— Exercise instructions —
Give back exactly the line containing "2017 Mercedes-Benz GLE" and all that follow it in the data below, with the pictures left out.

[[ Information shown, beginning ]]

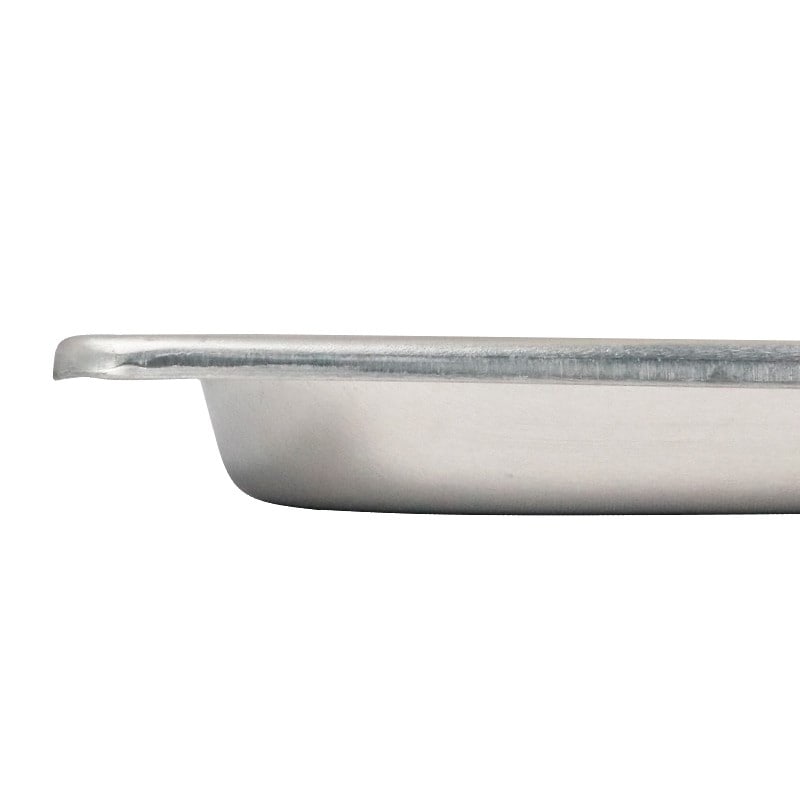 スギコ産業 アルミホテルパン 1/1サイズ H25mm ST0008-SH-1901AN 1個(ご注文単位1個)【直送品】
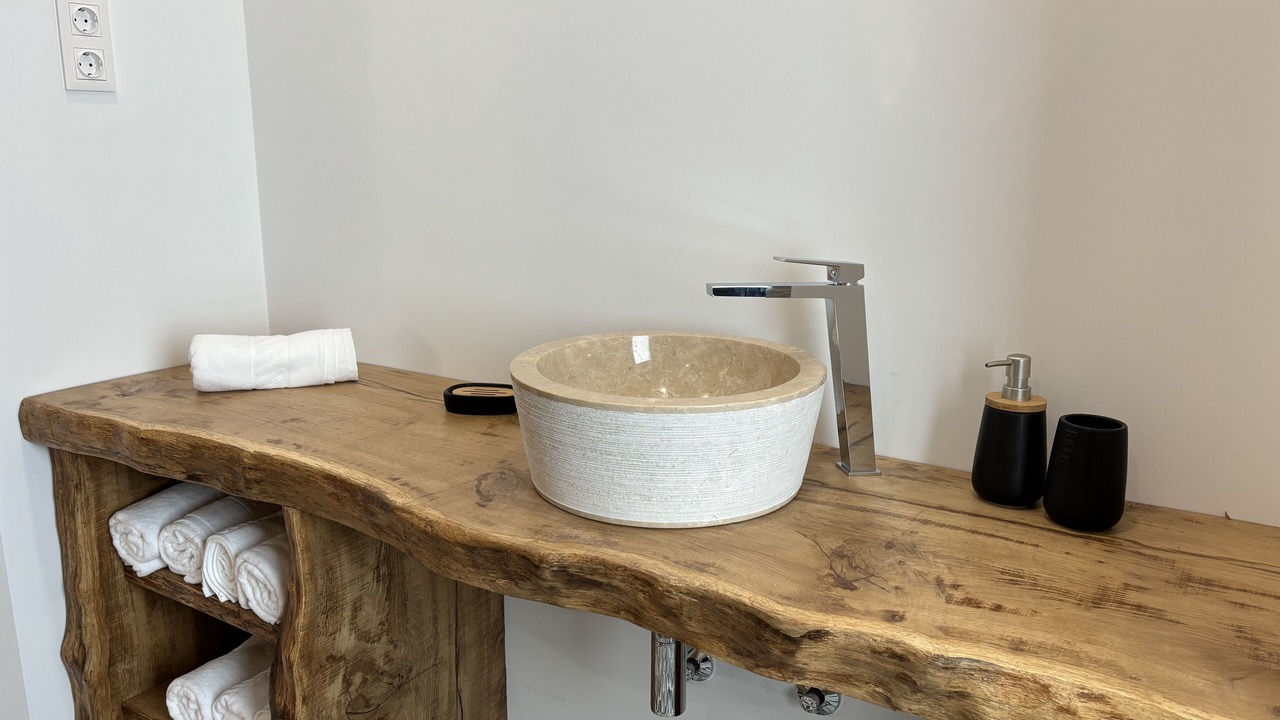 Photo of Bathroom in Santa Maria da Feira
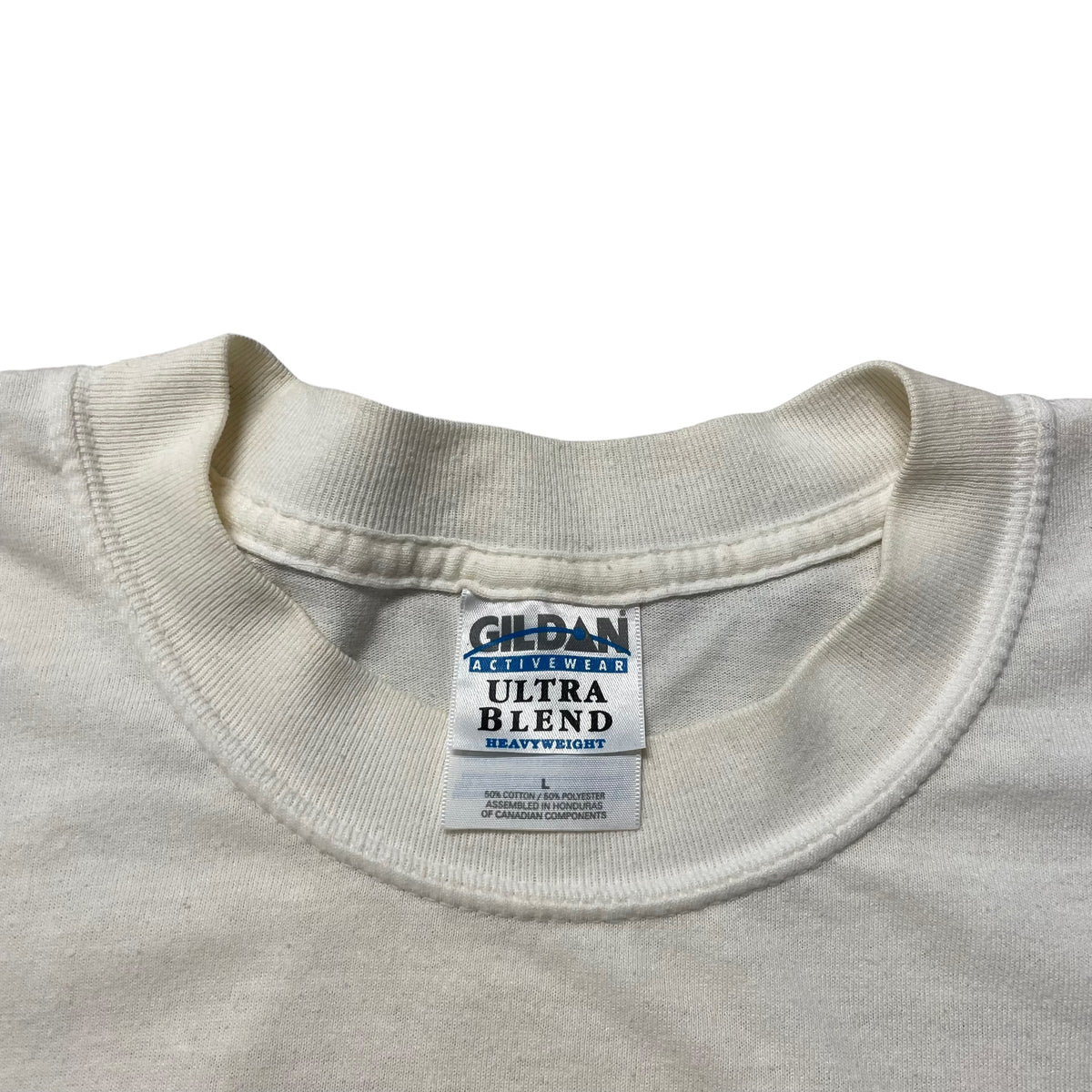 00’s ‘Smoke Free Zone’ T-Shirt
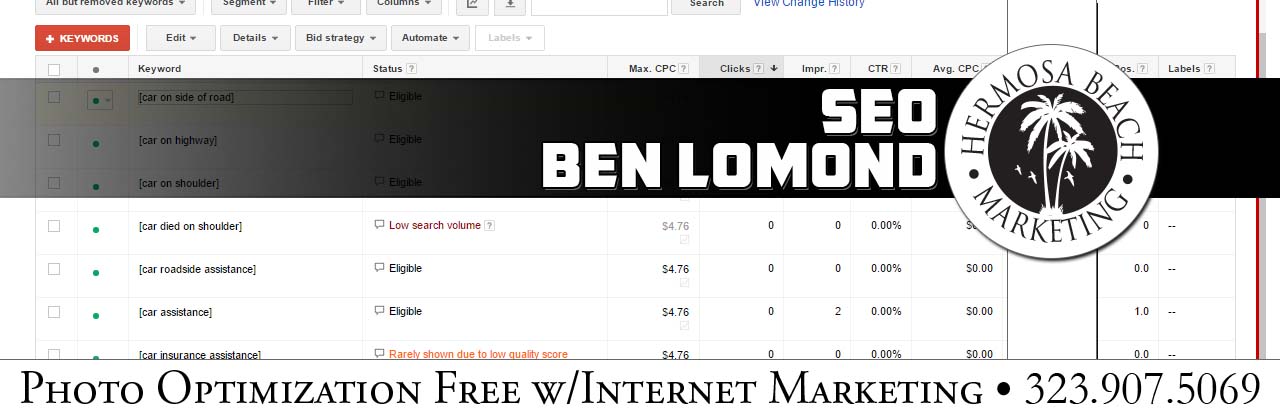 SEO Internet Marketing Ben Lomond SEO Internet Marketing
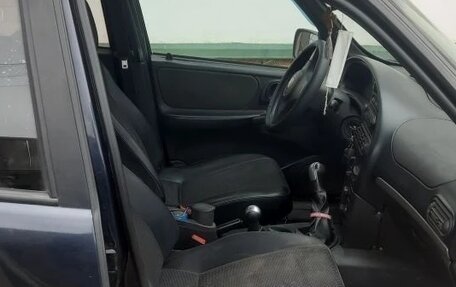 Chevrolet Niva I рестайлинг, 2011 год, 520 000 рублей, 7 фотография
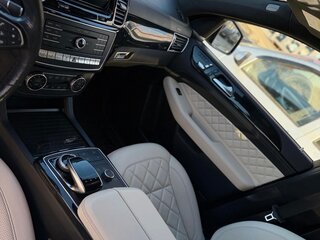 2017 Mercedes-Benz GLE Coupe 400 I (C292), белый, 3900000 рублей, вид 2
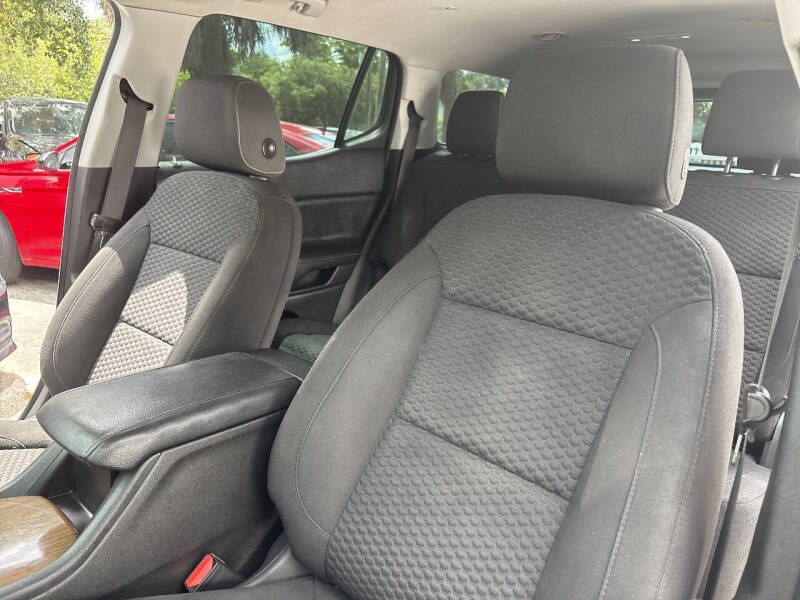 2019 GMC Acadia SLE-1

[[ Information shown, end ]]

— Answer area —
 2017 Mercedes-Benz GLE Coupe 400 I (C292), белый, 3900000 рублей, вид 2
 2019 GMC Acadia SLE-1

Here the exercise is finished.